Directions
Reproduce all of the entries below exactly, without a single change.

[Given records — start]

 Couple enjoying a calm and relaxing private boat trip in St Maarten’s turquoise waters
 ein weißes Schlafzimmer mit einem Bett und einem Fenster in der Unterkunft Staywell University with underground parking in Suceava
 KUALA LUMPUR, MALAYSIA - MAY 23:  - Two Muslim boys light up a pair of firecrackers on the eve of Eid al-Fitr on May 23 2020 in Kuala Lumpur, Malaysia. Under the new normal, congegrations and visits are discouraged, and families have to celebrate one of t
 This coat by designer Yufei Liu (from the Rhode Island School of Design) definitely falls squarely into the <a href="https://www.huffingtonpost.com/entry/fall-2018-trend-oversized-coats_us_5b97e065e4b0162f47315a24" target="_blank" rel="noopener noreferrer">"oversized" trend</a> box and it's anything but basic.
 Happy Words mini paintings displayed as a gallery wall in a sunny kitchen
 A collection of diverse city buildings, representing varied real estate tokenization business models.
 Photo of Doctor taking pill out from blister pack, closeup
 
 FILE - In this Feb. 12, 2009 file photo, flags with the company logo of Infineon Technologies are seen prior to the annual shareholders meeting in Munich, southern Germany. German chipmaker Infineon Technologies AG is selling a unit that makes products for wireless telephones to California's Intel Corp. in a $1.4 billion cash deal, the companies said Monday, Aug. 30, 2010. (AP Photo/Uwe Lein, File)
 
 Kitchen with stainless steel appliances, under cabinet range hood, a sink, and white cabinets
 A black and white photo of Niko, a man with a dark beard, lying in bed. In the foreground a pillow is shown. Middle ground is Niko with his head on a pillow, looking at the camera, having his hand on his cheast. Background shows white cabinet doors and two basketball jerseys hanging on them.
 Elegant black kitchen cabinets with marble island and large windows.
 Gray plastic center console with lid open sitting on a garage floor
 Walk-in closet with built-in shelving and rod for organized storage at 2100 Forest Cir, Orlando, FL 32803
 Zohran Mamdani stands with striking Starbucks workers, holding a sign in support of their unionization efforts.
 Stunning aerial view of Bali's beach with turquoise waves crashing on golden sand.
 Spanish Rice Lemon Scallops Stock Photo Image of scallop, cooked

[Given records — finish]

Result of the task
 Couple enjoying a calm and relaxing private boat trip in St Maarten’s turquoise waters
 ein weißes Schlafzimmer mit einem Bett und einem Fenster in der Unterkunft Staywell University with underground parking in Suceava
 KUALA LUMPUR, MALAYSIA - MAY 23:  - Two Muslim boys light up a pair of firecrackers on the eve of Eid al-Fitr on May 23 2020 in Kuala Lumpur, Malaysia. Under the new normal, congegrations and visits are discouraged, and families have to celebrate one of t
 This coat by designer Yufei Liu (from the Rhode Island School of Design) definitely falls squarely into the <a href="https://www.huffingtonpost.com/entry/fall-2018-trend-oversized-coats_us_5b97e065e4b0162f47315a24" target="_blank" rel="noopener noreferrer">"oversized" trend</a> box and it's anything but basic.
 Happy Words mini paintings displayed as a gallery wall in a sunny kitchen
 A collection of diverse city buildings, representing varied real estate tokenization business models.
 Photo of Doctor taking pill out from blister pack, closeup
 
 FILE - In this Feb. 12, 2009 file photo, flags with the company logo of Infineon Technologies are seen prior to the annual shareholders meeting in Munich, southern Germany. German chipmaker Infineon Technologies AG is selling a unit that makes products for wireless telephones to California's Intel Corp. in a $1.4 billion cash deal, the companies said Monday, Aug. 30, 2010. (AP Photo/Uwe Lein, File)
 
 Kitchen with stainless steel appliances, under cabinet range hood, a sink, and white cabinets
 A black and white photo of Niko, a man with a dark beard, lying in bed. In the foreground a pillow is shown. Middle ground is Niko with his head on a pillow, looking at the camera, having his hand on his cheast. Background shows white cabinet doors and two basketball jerseys hanging on them.
 Elegant black kitchen cabinets with marble island and large windows.
 Gray plastic center console with lid open sitting on a garage floor
 Walk-in closet with built-in shelving and rod for organized storage at 2100 Forest Cir, Orlando, FL 32803
 Zohran Mamdani stands with striking Starbucks workers, holding a sign in support of their unionization efforts.
 Stunning aerial view of Bali's beach with turquoise waves crashing on golden sand.
 Spanish Rice Lemon Scallops Stock Photo Image of scallop, cooked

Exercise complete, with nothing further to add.